07 and 0 08, respectively)

Conclusions: Although salv

07 and 0.08, respectively).

Conclusions: Although salvage partial nephrectomy is technically demanding and it has a high complication rate, it allows many patients to avoid dialysis. We believe that this experience can be used as a reference for surgeons and patients when considering the risks and benefits of salvage partial selleck kinase inhibitor nephrectomy.”
“Purpose: Elective nephron sparing surgery is established as an alternative to radical nephrectomy for renal cell carcinoma if tumors are small (4 cm or less, stage T1a). We compared outcomes in patients

with renal cell carcinoma 4 cm or less (small) vs more than 4 cm (large) who were treated with nephron sparing surgery.

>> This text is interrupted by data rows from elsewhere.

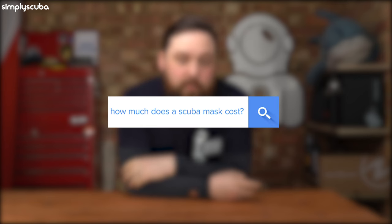How much does a scuba mask cost? Anywhere between about 10 quid and 200 quid, but the sweet spot is somewhere around 60.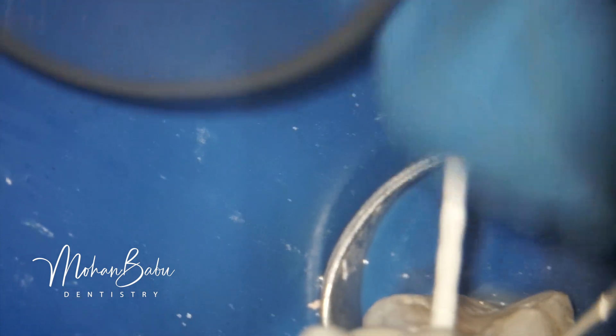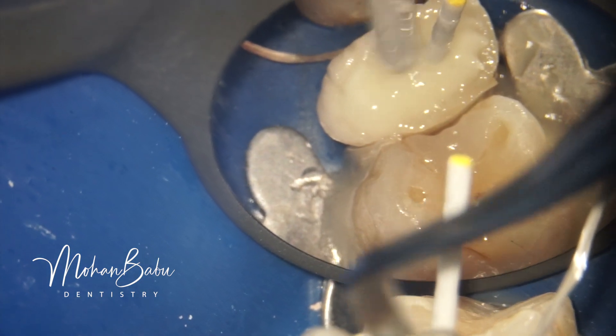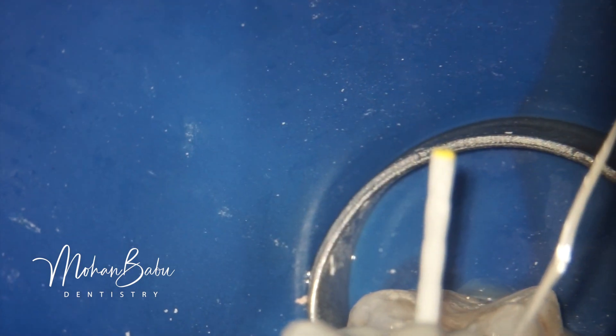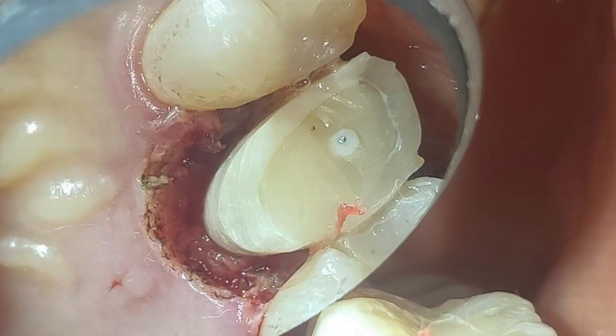The remaining treatment — crown lengthening and the full crown — will be done by a prosthodontist and continued at their clinic. This IOPA shows the post-op of the root canal and post and core. This picture shows the crown lengthening, where we have elevated the margins so that the crown margins can be placed easily. Thank you for watching.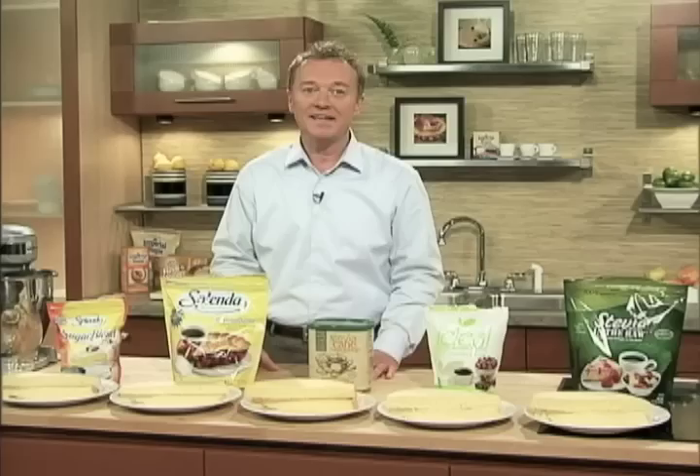My name is Chef Eddie Van Damme, author of Unbaking, professor at HCC and host of TV show Bake It. Today we're going to put popular sweeteners to the test by comparing an American classic, the yellow cake.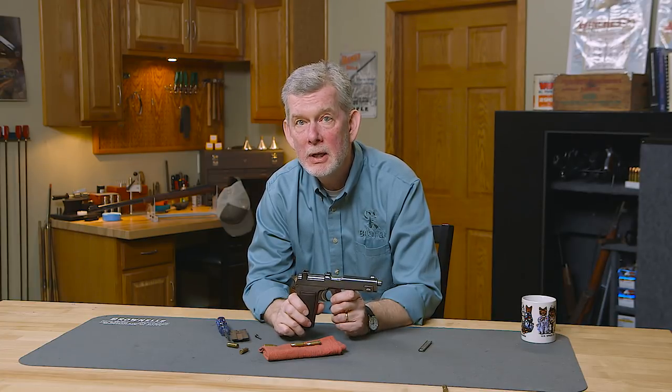And that's it for the 1911 Steyr-Hahn. If there's a particular firearm you'd like to see, leave us a comment and we'll do our best to get our hands on one. Thanks for watching and we'll see you next time when we bring you another gun from the vault.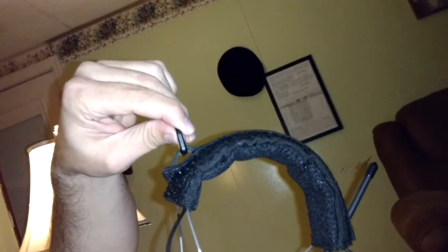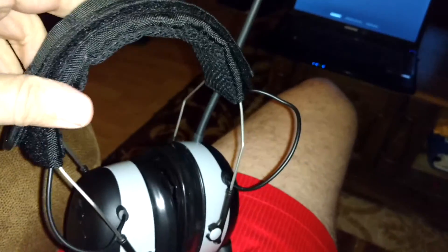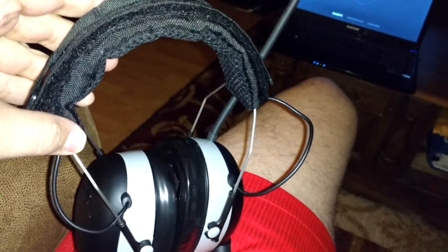You've also got a little catch on there so you can kind of hang them up on a hook. The headband is a bit wide so that's something to consider, but we can make it work — maybe just squeeze it a little bit.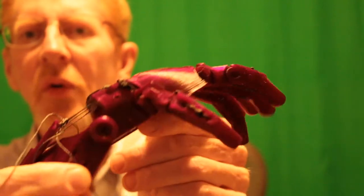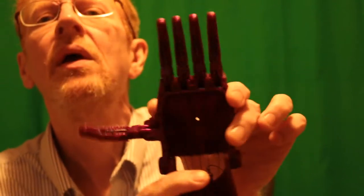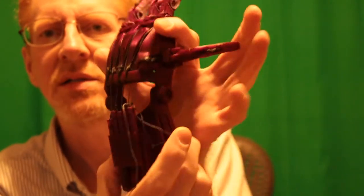Just to demonstrate real quick. I've got the fingers where they meet here on purpose. This one goes in a little further, also on purpose. The back side looks okay.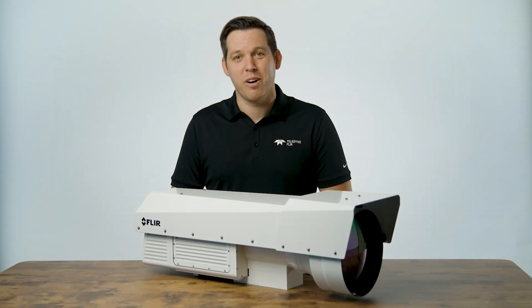For more information on the new RS6780 camera for long-range tracking and measurement applications, please visit us at teledyneflir.com.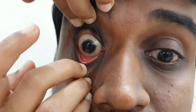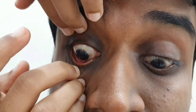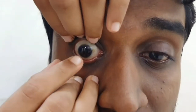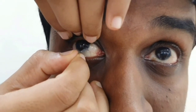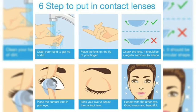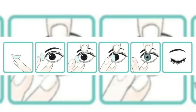Look down slowly, then pinch out the lens — that's it. Repeat the same procedure for the other eye. Thank you, have a happy day!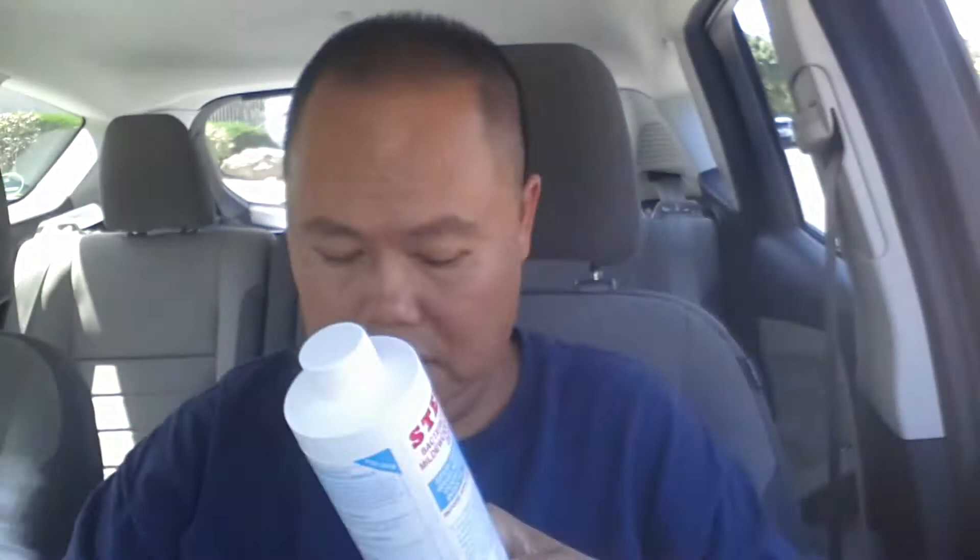There's a spray bottle down here. Time to get to work and get rid of these bedbugs.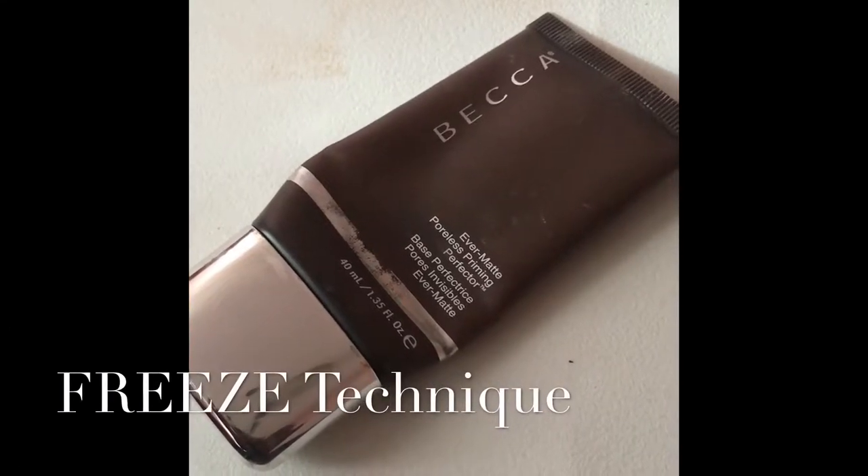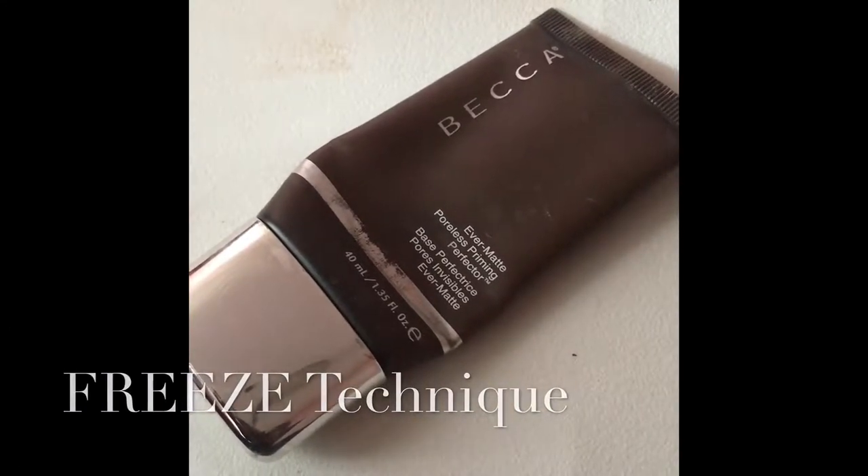The product I'm using today is Becca's Evermatte Poreless Primer, one of my favorite products to use. I take a small amount of the product and begin blotting it on my problem areas, which is mainly my T-zone.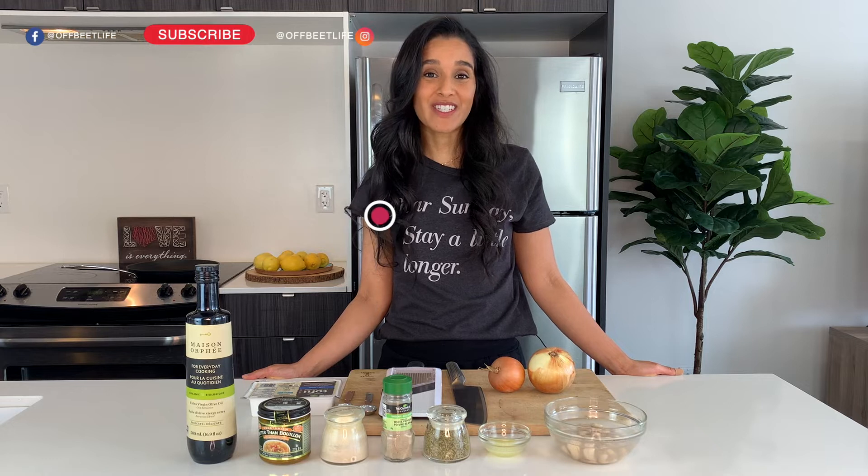Hi everyone, I'm Anissa. Welcome to our channel, Offbeat Life. We'd love it if you'd stay and subscribe and also follow us on Instagram and Facebook.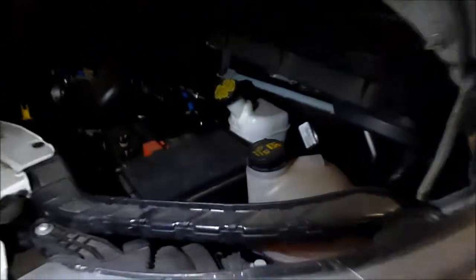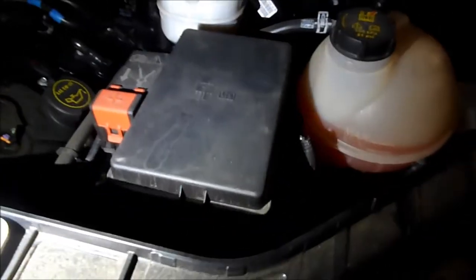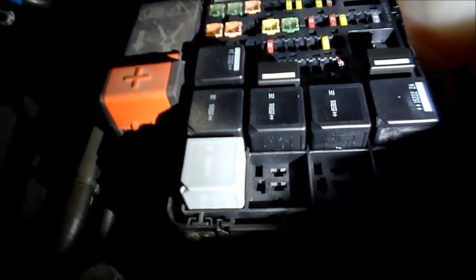The first fuse box is under the hood. On the driver's side, under this lid, you can see there's a picture of a fuse. Press that little button — there's the fuse box. If you look on the back side of the lid, it tells you what the fuses are with numbers. You can match them up with the owner's manual or look online.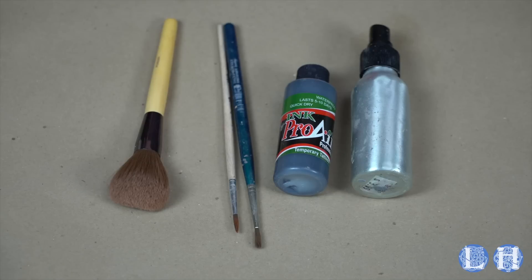Okay, now this is seven full hours later, and as you can see, this side here, which did not have the Pros-Aid base, is much more smeared than the side that does have the Pros-Aid — even though he did his very best not to pick at it or mess with it at all.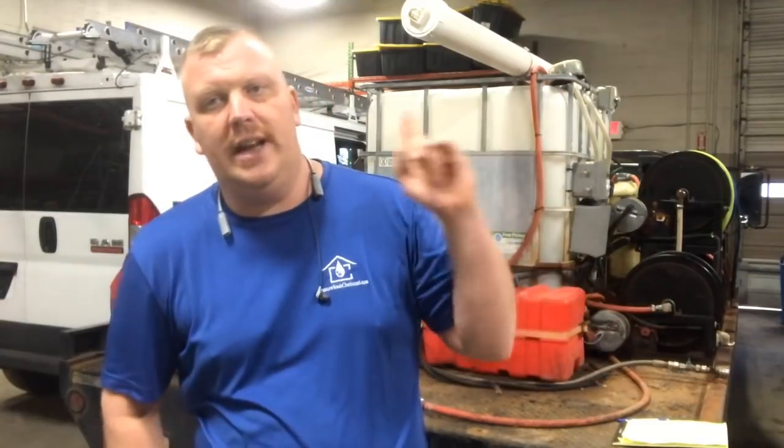I hope that helps you out. If you'd like to learn about Christmas lights, check out this video. If you'd like to learn about pressure washing, check out that video. Thank you and have a great day.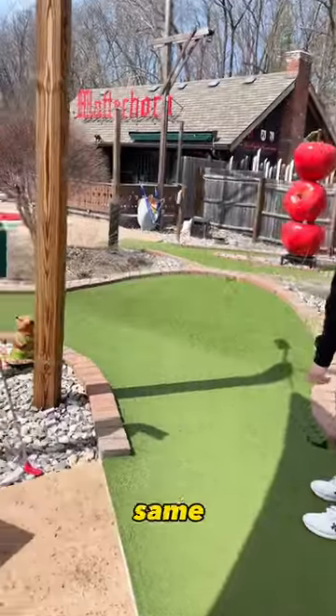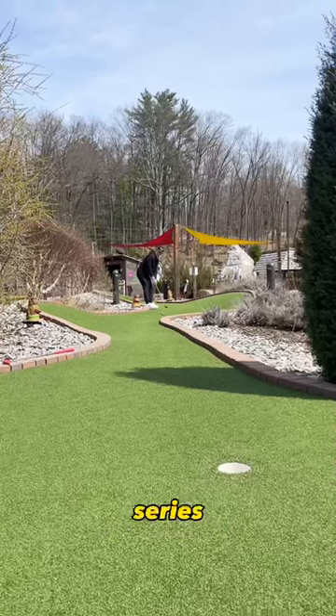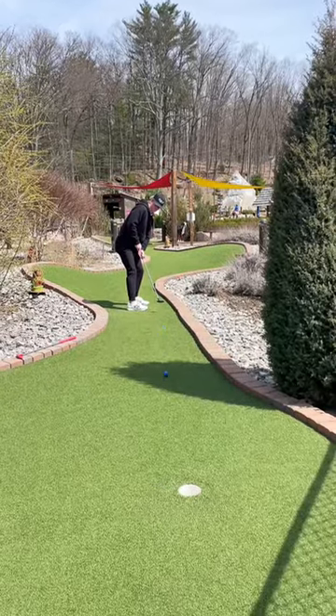Now I'm gonna take the same line as Jake did on his first shot. We do want to say thank you to everyone who's followed along this series — we appreciate all the support. My second shot here is just not what you want to see, and I'm gonna have a chance to save par.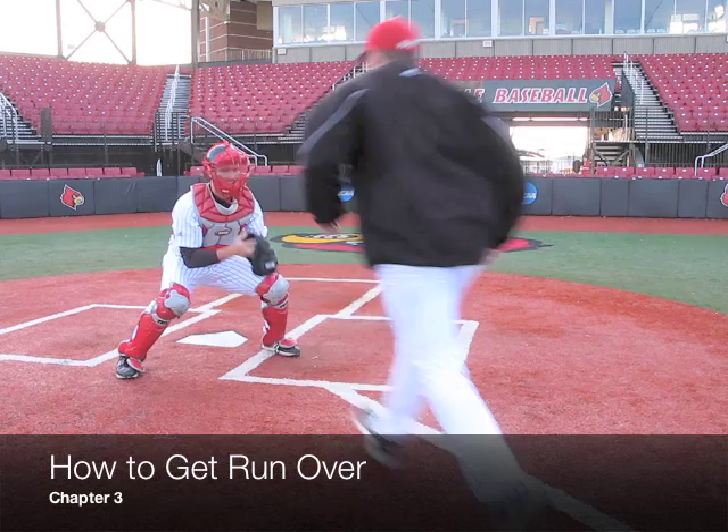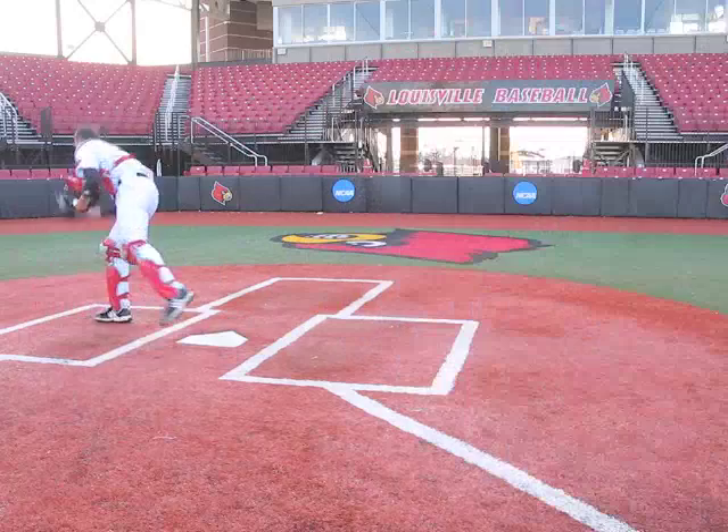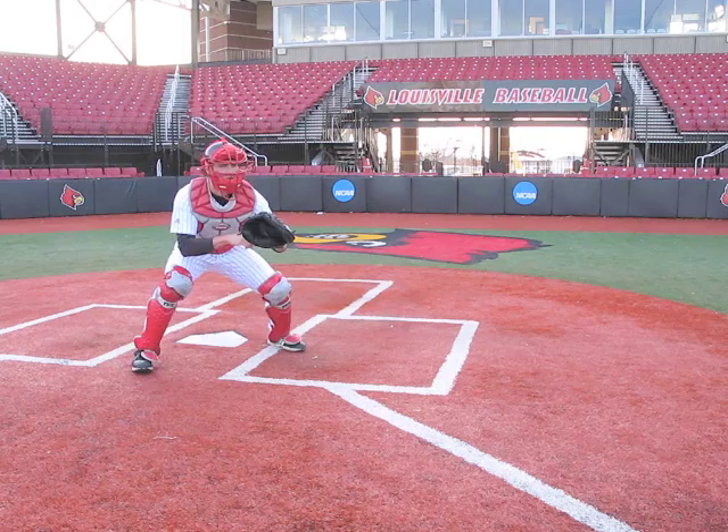Lastly, our catchers will practice how to get run over. We want to stay lower than the runner, shifting the weight from the balls of our feet to our heels, absorbing the shock.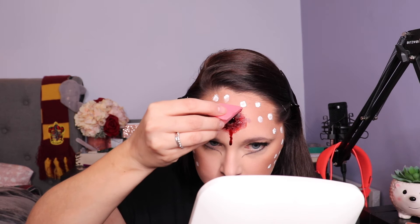Now for the fun part — I've got some coagulated blood here. We're just going to put that all around. I really want to get this super bloody.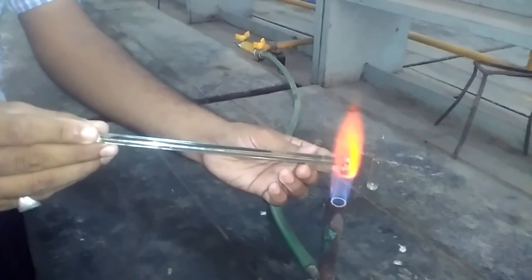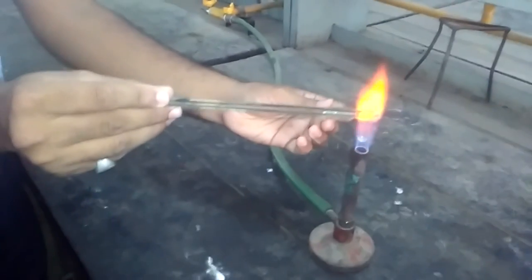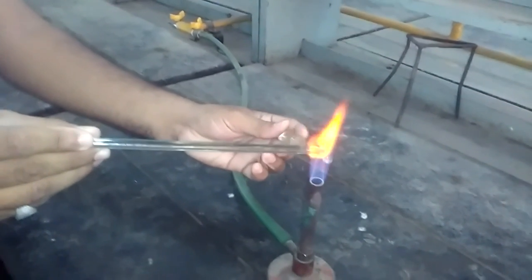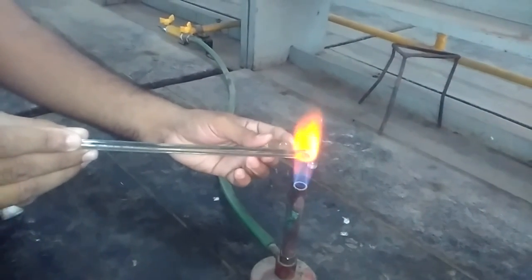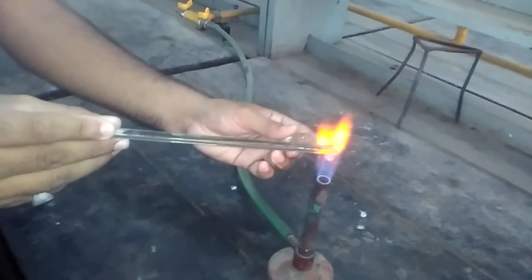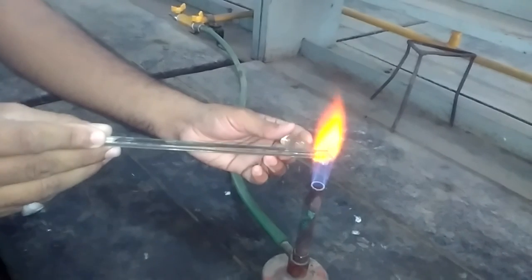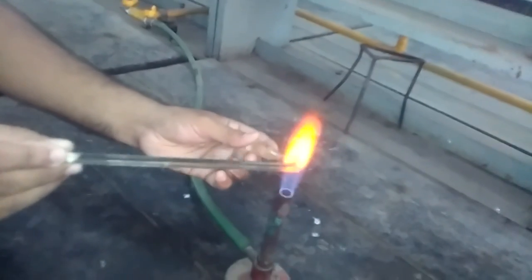Simultaneously heat the ampules and glass rod in the flame. Keep the ampules rotating like this. Heat for some time until the tip of the ampule is red color. You can see here, the tip of the ampule is red color — red hot.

Materials and Methods: Between 1979 and 2006, 618 patients underwent elective nephron sparing surgery at our institution. Of these patients 474 (76.7%) had renal cell carcinoma, which was 4 cm or less in 372 (78.5%) and more than 4 cm in 102 (21.5%). Followup was 4.7 (range 0.1 to 23.9) years for small and 4.7 (range 0.1 to 24.1) years for large tumors. Cancer specific survival and local recurrence free survival were estimated.

Results: The estimated cancer specific survival rate at 5 years was 97.9% and 95.8%, and at 10 years it was 94.9% and 95.8% for small and large tumors, respectively (log rank p = 0.583). The survival

rate free of local recurrence at 5 years was 98.5% and 98.3%, and at 10 years it was 93.9% and 98.3% for small and large tumors, respectively (log rank p = 0.282). In contrast to tumor size, stage 3 was associated with a significant

higher risk of tumor related death.

Conclusions: Elective Selleck ICG-001 nephron sparing surgery is oncologically safe in select patients with localized renal cell carcinoma more than 4 cm. In our series MAPK inhibitor the selection criterion for choosing elective nephron sparing surgery rather than radical nephrectomy over the years has consistently been safe surgical resectability rather than tumor size. However, there is a correlation between tumor size and unfavorable pathological tumor characteristics, which prompts caution when choosing elective nephron sparing surgery for all large tumors.”
“Purpose: We examined the effect of radical nephrectomy, partial nephrectomy and radio frequency ablation on renal function in patients with stage T1a renal masses.

Materials and Methods: A total of 242 consecutive patients from July 1995 to March 2005 undergoing primary treatment for unilateral renal masses smaller than 4 cm and a normal contralateral kidney were identified. Renal function was calculated using the modified Modification of Diet in Renal Disease equation. The rate of decrease in the glomerular filtration rate below 60 ml per minute 1.73 m(2) was compared among the 3 treatment modalities.

Results: A total of 86, 85 and 71 patients were treated with radio frequency ablation, partial nephrectomy and radical nephrectomy, respectively.